[Data extract]:

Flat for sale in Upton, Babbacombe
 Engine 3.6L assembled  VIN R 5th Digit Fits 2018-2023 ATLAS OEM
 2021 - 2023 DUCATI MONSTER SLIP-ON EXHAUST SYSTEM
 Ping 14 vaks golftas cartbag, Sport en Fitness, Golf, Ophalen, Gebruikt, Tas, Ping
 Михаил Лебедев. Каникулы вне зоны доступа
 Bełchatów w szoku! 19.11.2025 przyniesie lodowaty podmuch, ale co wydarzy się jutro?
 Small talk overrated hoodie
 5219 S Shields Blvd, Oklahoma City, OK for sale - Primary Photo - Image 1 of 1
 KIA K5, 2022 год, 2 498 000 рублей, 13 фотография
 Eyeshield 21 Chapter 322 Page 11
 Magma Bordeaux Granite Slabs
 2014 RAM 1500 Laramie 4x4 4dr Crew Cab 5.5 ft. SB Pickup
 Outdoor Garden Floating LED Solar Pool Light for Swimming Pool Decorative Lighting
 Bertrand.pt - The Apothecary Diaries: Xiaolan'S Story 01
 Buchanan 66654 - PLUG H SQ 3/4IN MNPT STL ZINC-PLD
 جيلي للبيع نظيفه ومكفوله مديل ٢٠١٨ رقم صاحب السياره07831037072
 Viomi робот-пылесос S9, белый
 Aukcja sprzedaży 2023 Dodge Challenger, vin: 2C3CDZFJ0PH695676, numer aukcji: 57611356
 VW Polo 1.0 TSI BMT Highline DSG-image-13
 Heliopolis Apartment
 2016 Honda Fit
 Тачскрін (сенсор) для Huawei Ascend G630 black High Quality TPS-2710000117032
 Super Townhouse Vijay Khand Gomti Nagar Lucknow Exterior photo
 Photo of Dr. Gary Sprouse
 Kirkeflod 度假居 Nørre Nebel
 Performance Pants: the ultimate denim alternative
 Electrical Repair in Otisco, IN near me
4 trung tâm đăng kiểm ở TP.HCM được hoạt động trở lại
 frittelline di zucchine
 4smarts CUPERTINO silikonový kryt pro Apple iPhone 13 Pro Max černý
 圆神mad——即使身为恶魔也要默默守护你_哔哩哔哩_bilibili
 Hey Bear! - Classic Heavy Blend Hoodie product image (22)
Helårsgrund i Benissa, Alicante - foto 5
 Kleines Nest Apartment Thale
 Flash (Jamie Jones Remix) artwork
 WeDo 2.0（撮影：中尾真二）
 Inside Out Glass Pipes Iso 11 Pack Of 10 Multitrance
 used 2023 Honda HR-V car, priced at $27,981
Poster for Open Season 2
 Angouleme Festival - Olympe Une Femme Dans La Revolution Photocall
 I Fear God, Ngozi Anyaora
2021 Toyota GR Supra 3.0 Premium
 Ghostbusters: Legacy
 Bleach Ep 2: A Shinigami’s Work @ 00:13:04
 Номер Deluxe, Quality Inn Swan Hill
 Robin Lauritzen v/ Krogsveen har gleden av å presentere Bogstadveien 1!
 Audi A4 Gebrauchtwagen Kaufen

[Try it]:
This exercise calls for the entries to be restated exactly.

[Written response]:
Flat for sale in Upton, Babbacombe
 Engine 3.6L assembled  VIN R 5th Digit Fits 2018-2023 ATLAS OEM
 2021 - 2023 DUCATI MONSTER SLIP-ON EXHAUST SYSTEM
 Ping 14 vaks golftas cartbag, Sport en Fitness, Golf, Ophalen, Gebruikt, Tas, Ping
 Михаил Лебедев. Каникулы вне зоны доступа
 Bełchatów w szoku! 19.11.2025 przyniesie lodowaty podmuch, ale co wydarzy się jutro?
 Small talk overrated hoodie
 5219 S Shields Blvd, Oklahoma City, OK for sale - Primary Photo - Image 1 of 1
 KIA K5, 2022 год, 2 498 000 рублей, 13 фотография
 Eyeshield 21 Chapter 322 Page 11
 Magma Bordeaux Granite Slabs
 2014 RAM 1500 Laramie 4x4 4dr Crew Cab 5.5 ft. SB Pickup
 Outdoor Garden Floating LED Solar Pool Light for Swimming Pool Decorative Lighting
 Bertrand.pt - The Apothecary Diaries: Xiaolan'S Story 01
 Buchanan 66654 - PLUG H SQ 3/4IN MNPT STL ZINC-PLD
 جيلي للبيع نظيفه ومكفوله مديل ٢٠١٨ رقم صاحب السياره07831037072
 Viomi робот-пылесос S9, белый
 Aukcja sprzedaży 2023 Dodge Challenger, vin: 2C3CDZFJ0PH695676, numer aukcji: 57611356
 VW Polo 1.0 TSI BMT Highline DSG-image-13
 Heliopolis Apartment
 2016 Honda Fit
 Тачскрін (сенсор) для Huawei Ascend G630 black High Quality TPS-2710000117032
 Super Townhouse Vijay Khand Gomti Nagar Lucknow Exterior photo
 Photo of Dr. Gary Sprouse
 Kirkeflod 度假居 Nørre Nebel
 Performance Pants: the ultimate denim alternative
 Electrical Repair in Otisco, IN near me
4 trung tâm đăng kiểm ở TP.HCM được hoạt động trở lại
 frittelline di zucchine
 4smarts CUPERTINO silikonový kryt pro Apple iPhone 13 Pro Max černý
 圆神mad——即使身为恶魔也要默默守护你_哔哩哔哩_bilibili
 Hey Bear! - Classic Heavy Blend Hoodie product image (22)
Helårsgrund i Benissa, Alicante - foto 5
 Kleines Nest Apartment Thale
 Flash (Jamie Jones Remix) artwork
 WeDo 2.0（撮影：中尾真二）
 Inside Out Glass Pipes Iso 11 Pack Of 10 Multitrance
 used 2023 Honda HR-V car, priced at $27,981
Poster for Open Season 2
 Angouleme Festival - Olympe Une Femme Dans La Revolution Photocall
 I Fear God, Ngozi Anyaora
2021 Toyota GR Supra 3.0 Premium
 Ghostbusters: Legacy
 Bleach Ep 2: A Shinigami’s Work @ 00:13:04
 Номер Deluxe, Quality Inn Swan Hill
 Robin Lauritzen v/ Krogsveen har gleden av å presentere Bogstadveien 1!
 Audi A4 Gebrauchtwagen Kaufen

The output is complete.